Available data →
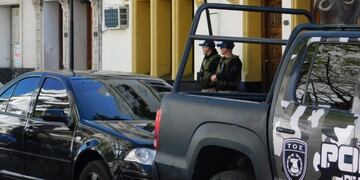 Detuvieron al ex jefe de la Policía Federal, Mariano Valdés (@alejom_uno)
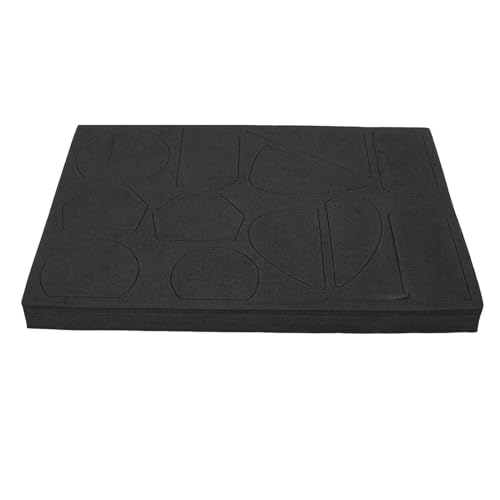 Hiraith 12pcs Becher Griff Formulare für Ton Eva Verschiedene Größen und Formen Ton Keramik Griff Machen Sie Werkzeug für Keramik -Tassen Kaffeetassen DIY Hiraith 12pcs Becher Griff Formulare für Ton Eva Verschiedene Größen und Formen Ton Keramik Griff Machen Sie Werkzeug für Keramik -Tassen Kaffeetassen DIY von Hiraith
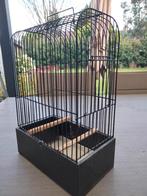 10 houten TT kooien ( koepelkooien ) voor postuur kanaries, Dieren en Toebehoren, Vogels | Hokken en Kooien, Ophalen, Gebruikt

What you should do →
Every line above should be repeated exactly; pictures stay out of the copy.

Result of this task →
 Detuvieron al ex jefe de la Policía Federal, Mariano Valdés (@alejom_uno)
 Hiraith 12pcs Becher Griff Formulare für Ton Eva Verschiedene Größen und Formen Ton Keramik Griff Machen Sie Werkzeug für Keramik -Tassen Kaffeetassen DIY Hiraith 12pcs Becher Griff Formulare für Ton Eva Verschiedene Größen und Formen Ton Keramik Griff Machen Sie Werkzeug für Keramik -Tassen Kaffeetassen DIY von Hiraith
 10 houten TT kooien ( koepelkooien ) voor postuur kanaries, Dieren en Toebehoren, Vogels | Hokken en Kooien, Ophalen, Gebruikt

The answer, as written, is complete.